Evaluation of antimicrobial effect of hops extracts on intramacrophages Brucella abortus and B. melitensis

Introduction and objective: Brucellosis is a zoonosis disease among animal and human, and has been endemic in Iran. The most important virulence factors of Brucella are related to their capability of intraphagocytic survival. Because of the side effects of brucellosis treatment regime, it is necessary to find new antimicrobial agents. The hop plant (Humulus lupulus) extract reported as having antimicrobial effects. The present study evaluated the antimicrobial activity of hops extracts against Brucella abortus 544 and B. melitensis 16M. Materials and methods: Hops extracts were prepared in water, acetone and ethanol.
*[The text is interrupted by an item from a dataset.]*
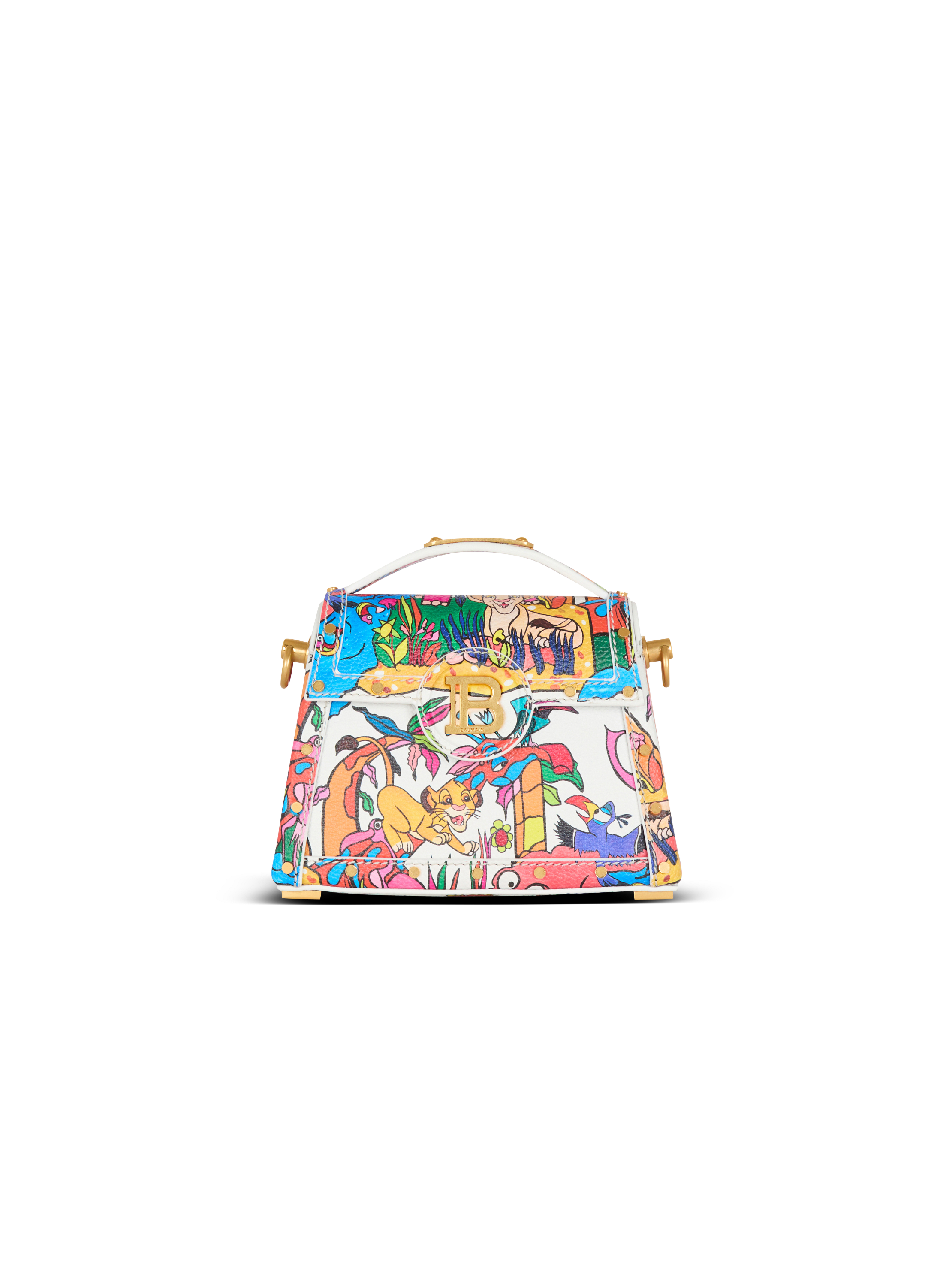 Disney x Balmain The Lion King BBuzz Dynasty Small bag with Enfant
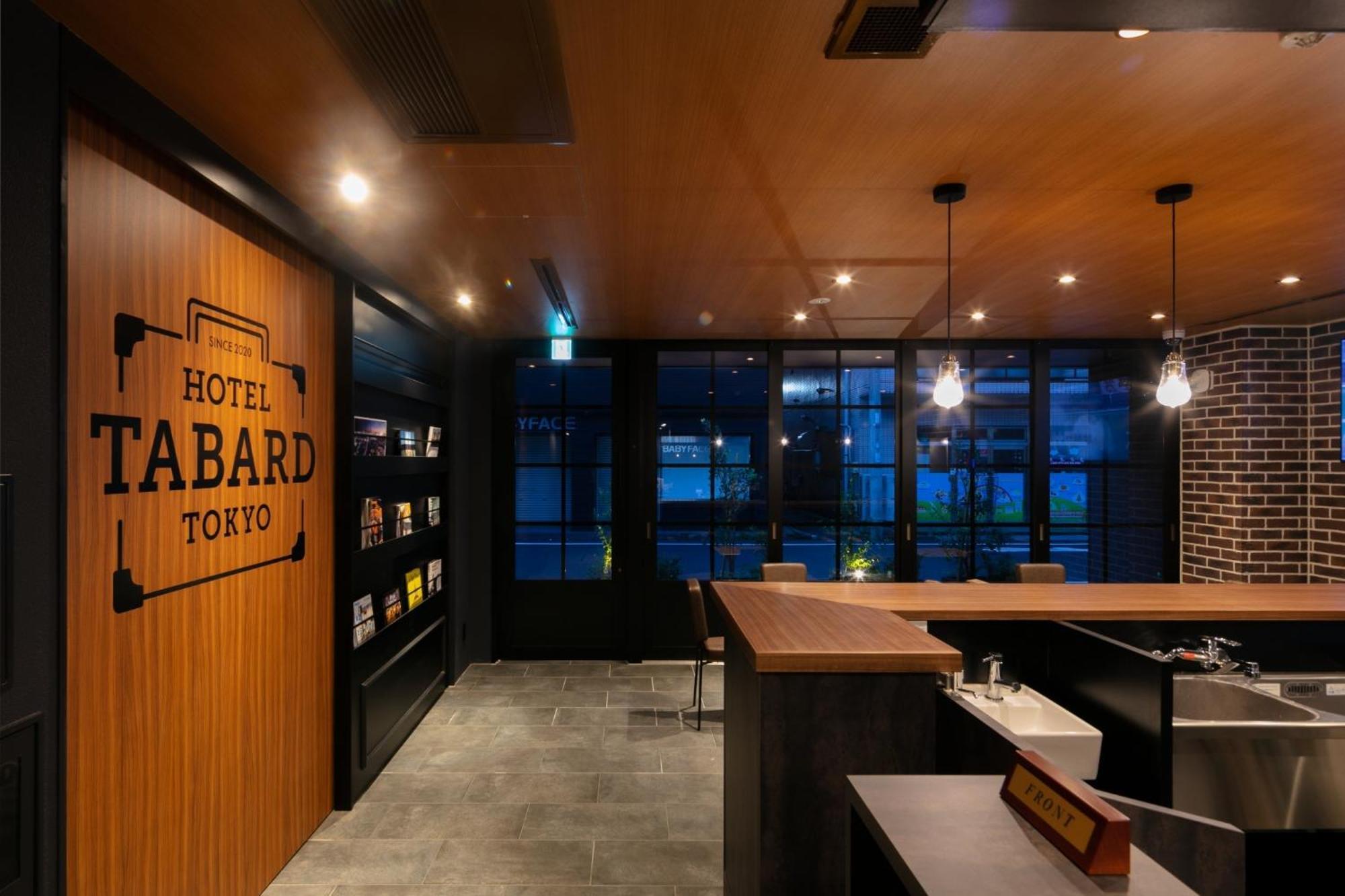 Hotel Tabard Tokyo - Vacation Stay 62622V Ngoại thất bức ảnh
Minimum inhibitory concentration (MIC) and minimum bactericidal concentration (MBC) for two strains of Brucella determined by broth macrodilution and agar well diffusion methods. Effect of extracts on intramacrophge surviving of Brucella strains studied on cell culture of mouse peritoneal macrophages. Results: Results indicated that MIC for aqueous extract was 1:80 (0.625mg/ml) and for acetonic and ethanolic extracts was 1:160 (0.05mg/ml). MBC for aquatic extract was 1:40 (1.2mg/ml) and for two other extracts was 1:80 (0.1mg/ml). In cell culture results indicated that all of extracts were effective and eradicated intramacrophage Brucella strains in 1:40 (1.2mg/ml for aqueous and 0.2mg/ml for ethanolic and acetonic extracts), 1:80 (0.625mg/ml for aqueous and 0.1mg/ml for ethanolic and acetonic extracts) and 1:160 (0.312mg/ml for aqueous and 0.05mg/ml for ethanolic and acetonic extracts) of extracts dilutions after 24h. Conclusion: Overall this study indicated that aquatic, acetonic and ethanolic extracts of hops showed antimicrobial effect against B. abortus and B. melitensis, therefore, they are useful in the treatment of brucellosis. Keywords: Brucella abortus; B. melitensis; Hops extract; Antibacterial activity; Cell culture.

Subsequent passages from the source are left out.